PROBLEM DESCRIPTION
Look through the material below and copy exactly the lines from the line with "property at 862 Bluegrass Pt" to the line with "In standee quảng", those two lines included.

DATA IN THIS EXERCISE
BEGIN
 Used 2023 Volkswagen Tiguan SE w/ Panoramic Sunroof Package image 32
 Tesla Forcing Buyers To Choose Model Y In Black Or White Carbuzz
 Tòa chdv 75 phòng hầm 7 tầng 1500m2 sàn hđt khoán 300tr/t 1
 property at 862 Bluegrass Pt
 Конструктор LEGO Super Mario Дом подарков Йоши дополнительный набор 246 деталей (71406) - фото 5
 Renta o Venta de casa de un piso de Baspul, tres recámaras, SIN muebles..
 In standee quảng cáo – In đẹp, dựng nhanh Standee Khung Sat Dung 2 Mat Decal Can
END
BEGIN
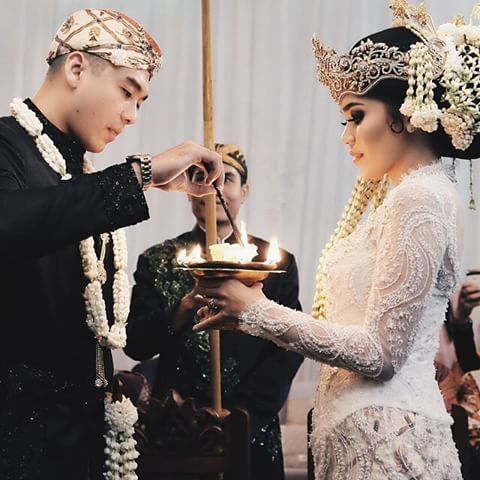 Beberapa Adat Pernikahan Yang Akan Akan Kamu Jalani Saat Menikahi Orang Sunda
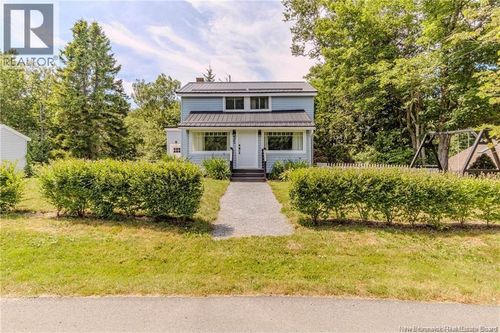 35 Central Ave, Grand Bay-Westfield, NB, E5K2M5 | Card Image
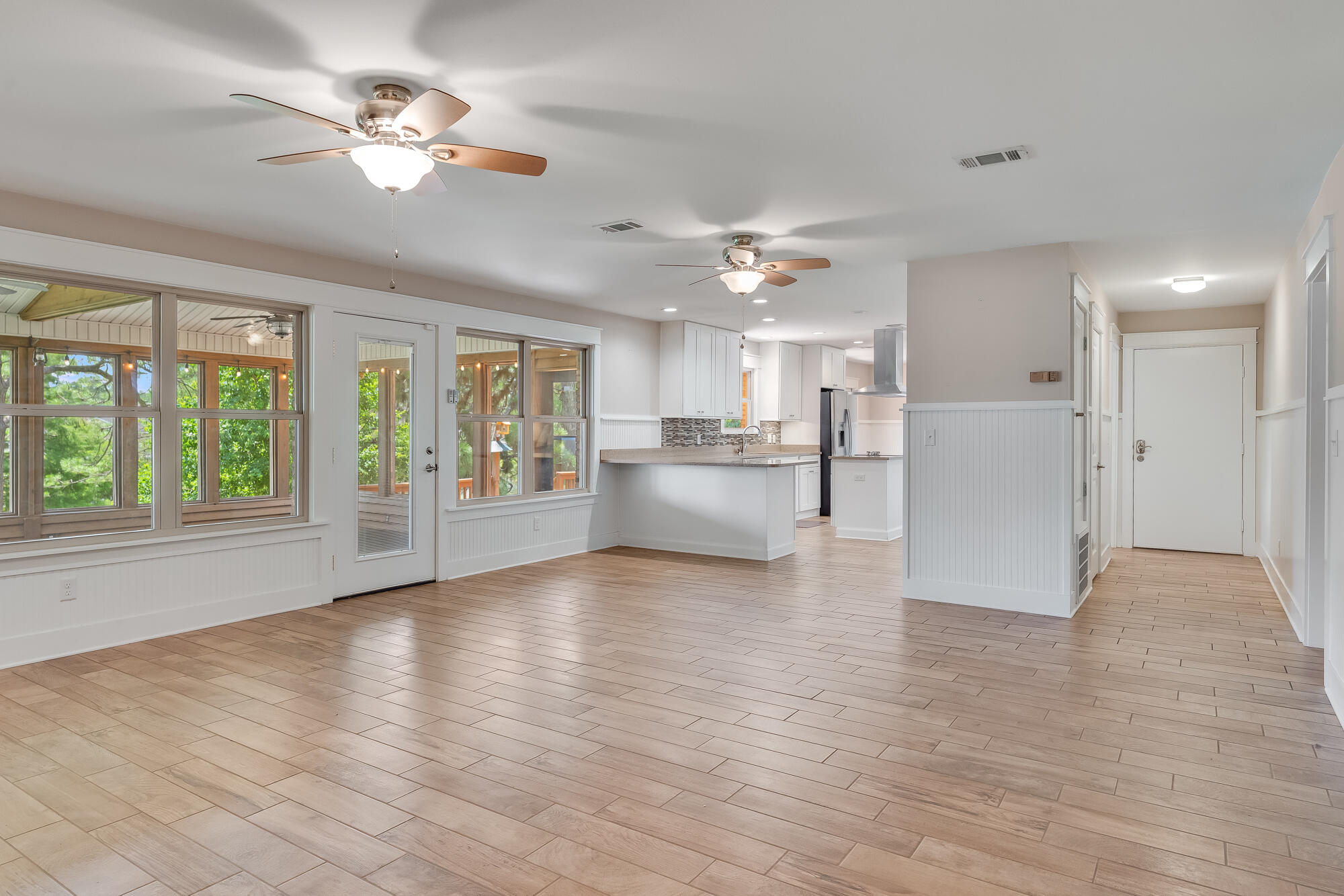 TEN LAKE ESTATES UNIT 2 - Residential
END
RESPONSE FOR THIS EXERCISE
 property at 862 Bluegrass Pt
 Конструктор LEGO Super Mario Дом подарков Йоши дополнительный набор 246 деталей (71406) - фото 5
 Renta o Venta de casa de un piso de Baspul, tres recámaras, SIN muebles..
 In standee quảng cáo – In đẹp, dựng nhanh Standee Khung Sat Dung 2 Mat Decal Can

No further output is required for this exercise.